In contrast to the continuing buoyant market for metals, the price of optical fibre has remained obstinately flat, despite healthy growth in demand. Global demand for fibre grew strongly during both 2005 and 2006. Demand growth has continued in 2007, though the growth rate has slackened. CRU estimates that global demand for fibre was 27% higher in 2006 than in 2005, and is likely to be a further 11% ahead in 2007. Not all regional markets for fibre optic cable have been showing consistent strong growth, but the general trend in global demand has been upwards. Demand in North America, for example, grew strongly in 2005 and 2006, mainly driven by fibre to the home (FTTH) installation, but demand in 2007 is likely to be a little lower than in 2006, as the level of Verizon’s purchases of fibre optic cable has fallen. In China and India there has been very strong growth in fibre optic cable demand over 2006 and 2007.

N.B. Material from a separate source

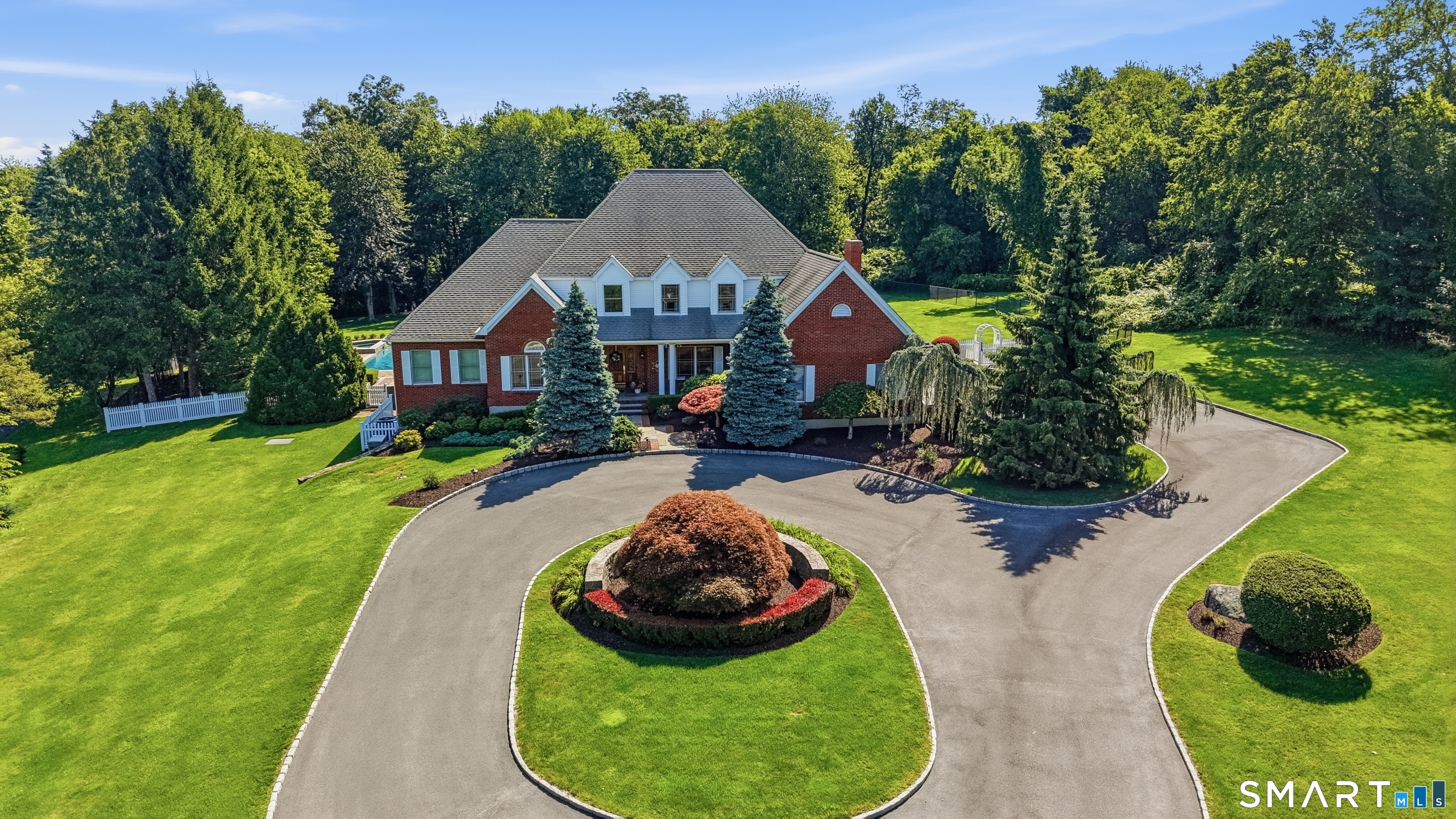 8 Huntington Lane New Fairfield CT 06812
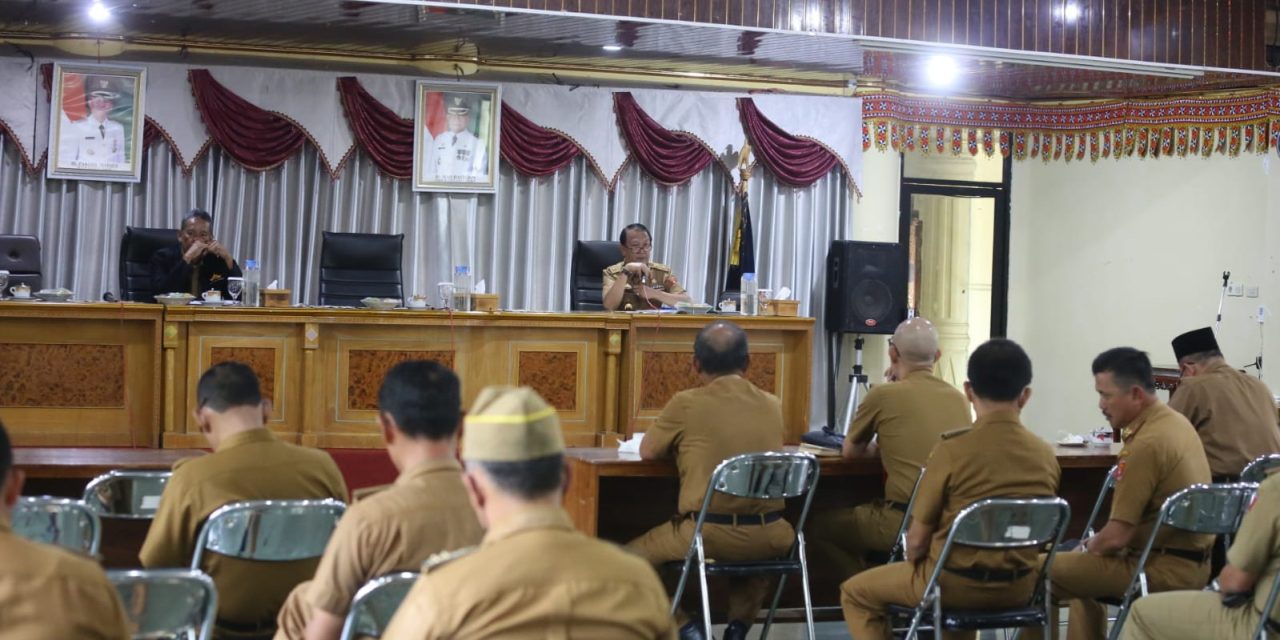 Peringatan Hari KORPRI, Lingkungan Hidup, HKN dan PGRI, Pemkab Lambar Gelar Jalan Sehat.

As a result of the strong demand for fibre optic cable there have at times been reports of short term shortages of optical fibre in some markets, but prevailing prices have been very slow to react. It is too early to talk in terms of clear price rises, but fibre producers may now have greater freedom to increase the volume of fibre supplied to customers that pay higher prices. Another factor that is important in the optical fibre market is the impact of exchange rates. With the US dollar falling against most currencies, fibre suppliers quoting in euros or yen have effectively had price increases in US dollar terms, even if in local currency terms prices have been flat.
This situation of generally flat prices is likely to continue, so long as there is some spare competitive capacity that fibre producers can use to gain incremental revenue at current apparently low price levels without having to make additional major investment. There has been much debate within the industry as to when existing fibre production capacity will be full, at which point there should be scope for fibre prices to rise. But will fibre producers be willing to invest in additional capacity while prices remain at current subdued levels?

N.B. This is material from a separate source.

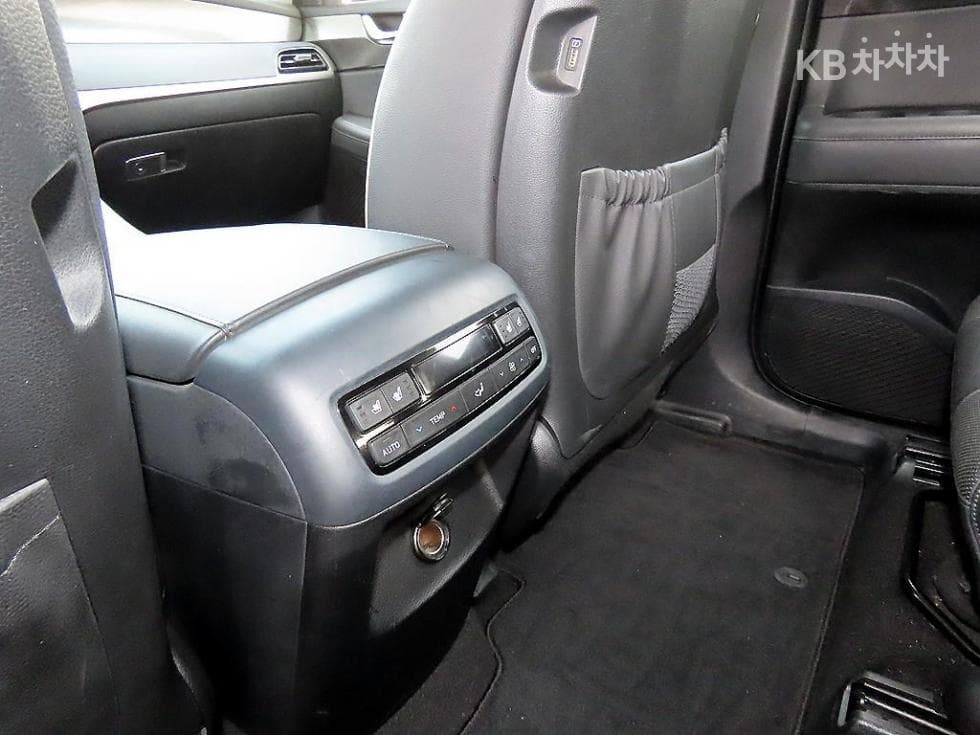 Хюндай Palisade2.2 Дизел 7-местен (Лимузин) Престиж - 17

After the market collapse that followed the last boom in fibre demand in 2000 and 2001, some fibre production capacity was “put into mothballs”, rather than being totally closed. Now that demand is recovering, the most obvious potential bottleneck is limited capacity for production of preforms, especially as some fibre-drawers rely on externally sourced preforms. Some of the mothballed fibre production capacity has been brought back on-stream as demand has grown. Thus in the US, for example, Draka Comteq has restarted production at its Claremont plant and Corning is re-opening its plant at Concord. In the developing world some major fibre producers, such as YOFC in China and Sterlite in India, are expanding capacity in response to strong demand in their home markets. Unless optical fibre demand increases very quickly, the potential for fibre supply to fall well behind demand, with a resulting major rise in prices, seems limited. This situation contrasts with what has been happening in base metal markets, where supply constraints are much more severe and difficult to overcome.